Alcort, Inc. sold their boat building company to AMF in 1969. AMF named their boat division for the founding Alcort Co., capitalizing on the considerable name recognition Alcort, Inc. had built up over its 24-year history.

Little was done with the Sailfish design in the ensuing six years except to upgrade the rudder blade's shape in 1972 to the more streamlined design also used on the Sunfish. At the time of upgrade the bronze rudder hardware of the now waning Sailfish remained the same while the Sunfish was fit with a new design.

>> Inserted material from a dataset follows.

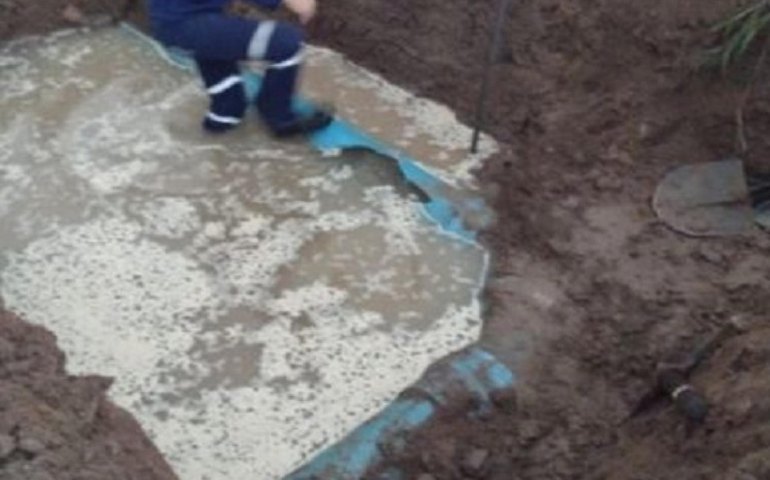 Casal segue trabalhando para restabelecer abastecimento de Maribondo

AMF discontinued the Sailfish in 1975.

The Sailfish successor, Sunfish, continues to be built and is now found worldwide.

==Specifications==
Sailfish specifications
| Model | LOA | Beam | Sail area | Hull weight | Hull material |
| Standard Sailfish | 11' 7½" (3.5 m) | 31½" | 65 ft.² (6.2 m^{2}) | 82 lb (37 kg) | Wood^{†} |
| Super Sailfish | 13' 7" (4.2 m) | 35½" | 75 ft.² (7 m^{2}) | 102 lb (46 kg) | Wood^{†} |
| Super Sailfish MK-II | 13' 8"^{‡} (4.2 m) | 36½"^{‡} | 75 ft.² (7 m^{2}) | 98 lb (45 kg) | Fiberglass |
| Sunfish | 13' 9" (4.19 m) | 49" | 75 ft.² (7 m^{2}) | 120 lb (54 kg) | Fiberglass |
^{†}The hull is planked with A-A exterior Douglas fir plywood or Harborite marine plywood.
Harborite, a plastic-surfaced fir plywood, developed as an improvement on plain plywood.

^{‡} The additional inch is a result of the flange where the deck and hull bottom are bonded together as one.